That's one of the places where you see an early Bitcoin discourse, a lot of people seem to believe that you couldn't possibly owe taxes in it because it's outside of the state system. You get these great Reddit threads where tax accountants on there who will tell you, “Look, Bitcoin is an asset, you sold it you made a profit. Doesn't matter what asset you sell and make profit on. You owe taxes on it.” It’s like selling a bike, or a painting. The Bitcoin people can’t get their heads around it.
Anyway, Hughes and May and Nick Szabo, and a lot of other people whose names you still see around Bitcoin forums, they crafted version after version of different forms of digital currency. These projects often incorporated the word “gold” into their names, so there was like, “digital gold” and “e-gold.”
They were all pretty lame projects, and of course they all were shut down because they were immediately used by people for illegal activities. Bitcoin is like, iteration 12. I think most people suspect that whoever Satoshi Nakamoto is, he is probably one or more of these people because this is the project they've been working on forever.
I should note that in the book, I'm pretty specific about what I mean by right-wing extremism and very specific conspiracy theories and how those tie into other forms of right-wing thought. Since I wrote the book, actually, you can see how certain people on the right — who were not part of the original group of cryptocurrency advocates – have really taken to cryptocurrency. Now you have actual Nazi groups being in favor of Bitcoin. Weev, one of the biggest Nazi leaders worldwide is into it. There's a great Twitter account that tracks Weev’s Bitcoin wallet, every transaction coming out of it, along with those of some other neo-Nazis. People like Richard Spencer and Stefan Molyneux and other major "alt-right" figures, have gotten deeply into Bitcoin.
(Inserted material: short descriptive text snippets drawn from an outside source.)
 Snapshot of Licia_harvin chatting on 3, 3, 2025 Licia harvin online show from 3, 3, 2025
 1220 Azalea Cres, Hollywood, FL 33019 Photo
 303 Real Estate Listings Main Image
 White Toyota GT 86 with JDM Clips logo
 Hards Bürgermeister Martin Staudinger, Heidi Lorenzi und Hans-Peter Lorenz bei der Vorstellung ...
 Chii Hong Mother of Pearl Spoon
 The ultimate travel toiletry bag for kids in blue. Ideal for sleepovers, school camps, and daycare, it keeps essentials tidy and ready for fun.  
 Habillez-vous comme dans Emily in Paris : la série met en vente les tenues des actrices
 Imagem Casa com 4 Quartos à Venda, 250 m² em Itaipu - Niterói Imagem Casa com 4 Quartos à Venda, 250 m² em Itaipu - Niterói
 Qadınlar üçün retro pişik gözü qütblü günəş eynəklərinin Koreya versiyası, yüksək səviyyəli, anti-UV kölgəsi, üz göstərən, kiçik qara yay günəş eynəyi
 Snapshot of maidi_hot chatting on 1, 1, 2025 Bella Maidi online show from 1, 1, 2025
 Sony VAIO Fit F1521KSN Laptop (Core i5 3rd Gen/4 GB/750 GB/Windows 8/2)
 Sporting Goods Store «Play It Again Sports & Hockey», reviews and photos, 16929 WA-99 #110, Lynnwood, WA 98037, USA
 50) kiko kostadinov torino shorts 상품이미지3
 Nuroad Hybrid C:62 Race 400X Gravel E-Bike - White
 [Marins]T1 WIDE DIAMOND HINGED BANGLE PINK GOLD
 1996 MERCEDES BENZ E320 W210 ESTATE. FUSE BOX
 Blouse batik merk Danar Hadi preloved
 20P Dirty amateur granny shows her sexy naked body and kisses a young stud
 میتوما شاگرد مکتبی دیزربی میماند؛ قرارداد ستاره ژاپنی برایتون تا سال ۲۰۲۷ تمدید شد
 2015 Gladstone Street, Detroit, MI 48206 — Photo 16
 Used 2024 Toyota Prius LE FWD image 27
The actual connection between the far right and Bitcoin [has], if anything, become clearer and strengthened since I started writing.
When you put it all in context, it is kind of fascinating just how much so many people who consider themselves liberal or even leftist are enamored of Cryptocurrency; it's kind of surprising. I would be very suspicious of it if I went into it knowing all of that.
Most people don't know the history of it, which is completely understandable. When people want to advocate it for their own political projects, then I think they owe themselves to do some more investigation of what's going on. I mean, can Bitcoin be used for leftist projects or for non-far right projects? I guess you can make $10,000 off your trading and go give it to some cause that you believe in. I don't know what that proves.
What inspired you to write this book? Was there like an "ah ha" moment?
Well, part of it was that I worked for about 10 years in the financial technology sector on Wall Street. In order to do that, you really have to teach yourself finance. One thing I learned at that time was that there are all these conspiracy theories that lurk around the edges of finance — many of which have to do with gold and some of which have to do with the Federal Reserve.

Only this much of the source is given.